Platt’s experience in the music business goes back to the early 80s, first as an artist and then as an employee of Rhino Records, back when the record label was in its infant stages. By the mid 80s, Platt had returned to performing full-time and formed the band, The Real Impossibles. Their 1986 EP, “Play Loud” was produced by Plimsouls’ (“Million Miles Away”) front-man, Peter Case and The Real Impossibles video, “Turn My World” was featured on MTV that same year.
“When I was starting out in the 80s, I was a huge fan of the Plimsouls,” Platt said. “I hung out with Peter Case who took me under his wings and introduced me to people such as Elvis Costello, Peter Buck (REM), John Hiatt, Bonnie Raitt, Steve Earle, and T-Bone Burnett. “I really got an education watching these amazing artists work. I was a very lucky guy for getting to hang out with my idols at an impressionable age.”
Platt went on to play in a few bands, but his real success has been in songwriting. He wrote songs for Universal’s 1993 A Taste for Killing and 1994 The Raffle in which two of the songs were featured on the soundtrack. His music has also been featured on ESPN.
“I got lucky enough to get some songs in movies in the 90s,” said Platt. “They weren’t hit movies, but I found that getting to the producers was much more beneficial than music supervisors. I still make money off cable and DVDs from those projects.”
More recently, Platt’s songs have been featured on TV shows such as Queer Eye for the Straight Guy, E-News True Hollywood, and Passions. He continues to write music for a variety of TV shows.
“It’s easy to write for TV if you stay focused on the craft of songwriting,” says Platt who works with Maureen Davis, his songwriting partner. “She and I have written together for 10 years and we focus on what is going on in our relationships. We write and record them quickly and get a lot of TV shows.”
In addition to his songwriting career, Platt performs on a regular basis at various venues throughout Los Angeles and Hollywood. Although he has a huge catalog of his original tunes, he also performs covers and is perhaps one of the best around at doing just that. Platt is very versatile, performing tunes by the Beatles, the Beach Boys, Elvis Presley, Leonard Bernstein, Neil Young and Joan Osborne to name a few. Platt released a CD of covers last year titled “Undercovermen” which includes “Moon River” “Won’t Get Fooled Again” (The Who), “Love” (John Lennon) among others. He believes the secret in performing covers well is the performer’s ability to make the song his or her own, without trying to imitate the style and sound of the artist they are covering.

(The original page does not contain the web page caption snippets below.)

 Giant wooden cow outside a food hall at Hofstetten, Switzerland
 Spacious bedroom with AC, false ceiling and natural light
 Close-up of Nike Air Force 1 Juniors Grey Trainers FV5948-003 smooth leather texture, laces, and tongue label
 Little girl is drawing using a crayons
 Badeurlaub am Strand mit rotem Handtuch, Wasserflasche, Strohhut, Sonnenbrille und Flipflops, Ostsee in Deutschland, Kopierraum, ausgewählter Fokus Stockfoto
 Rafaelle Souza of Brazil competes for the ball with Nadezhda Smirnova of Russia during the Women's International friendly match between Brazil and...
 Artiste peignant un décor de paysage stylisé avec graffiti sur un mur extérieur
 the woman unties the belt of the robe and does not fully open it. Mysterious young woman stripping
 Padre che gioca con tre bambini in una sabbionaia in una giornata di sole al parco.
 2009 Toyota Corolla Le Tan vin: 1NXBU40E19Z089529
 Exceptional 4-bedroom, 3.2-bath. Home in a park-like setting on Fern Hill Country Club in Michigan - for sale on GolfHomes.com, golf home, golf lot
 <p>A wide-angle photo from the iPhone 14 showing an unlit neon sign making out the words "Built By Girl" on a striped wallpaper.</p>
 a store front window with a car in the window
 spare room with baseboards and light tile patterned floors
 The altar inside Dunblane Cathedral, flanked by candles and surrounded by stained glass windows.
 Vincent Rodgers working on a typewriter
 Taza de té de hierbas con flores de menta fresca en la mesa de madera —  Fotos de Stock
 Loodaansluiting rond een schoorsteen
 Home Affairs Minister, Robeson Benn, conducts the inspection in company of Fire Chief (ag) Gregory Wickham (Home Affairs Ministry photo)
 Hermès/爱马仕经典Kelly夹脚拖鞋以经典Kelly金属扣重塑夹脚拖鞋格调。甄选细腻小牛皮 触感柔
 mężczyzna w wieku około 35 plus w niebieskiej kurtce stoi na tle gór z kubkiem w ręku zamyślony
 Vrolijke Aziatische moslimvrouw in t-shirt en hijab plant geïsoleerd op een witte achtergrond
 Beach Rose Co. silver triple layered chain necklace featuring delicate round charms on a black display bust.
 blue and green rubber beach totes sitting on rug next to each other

This is the sort of advice Platt gives to students at his performance workshop.The workshop is held every Sunday evening at Kulak’s Woodshed in North Hollywood.
“I truly believe it is important to give back.” Platt said. “I was lucky enough to have a great teacher back in the early 80s in Bud Dashiell (Bud and Travis).” Platt stresses the importance of communication for performers and says that artists need to find a way to get their message across without relying on what they think people want to hear.
Platt’s style is acoustic eclectic and echoes influences such as the Beatles, Bruce Springsteen, the Beach Boys. His beautiful wife Deanna Pino is also a fabulous singer-songwriter. His recent releases include his 2004 CD, “Reinventing the Wheel,” “Just Like Me” and “Undercovermen” were both released in 2006. He has an upcoming release (March 2007) called “I’m So Awesome.”
Platt is a huge fan of music and says he can detect when an artist is sincere or not. He loves helping other artists perfect not only their music, but also their ability to communicate and connect with their audience, which he does by encouraging artists to be themselves when they perform.
“As for me, I just want to keep expressing myself and not worry about the outcome,” says Platt. “If I put myself out there, it will affect people who need to be affected and others will just go about their business.” Platt acknowledges that there is a lot of good, bad, and ugly out there in terms of people and their music. He said, “I would like to be known as one of the good ones.”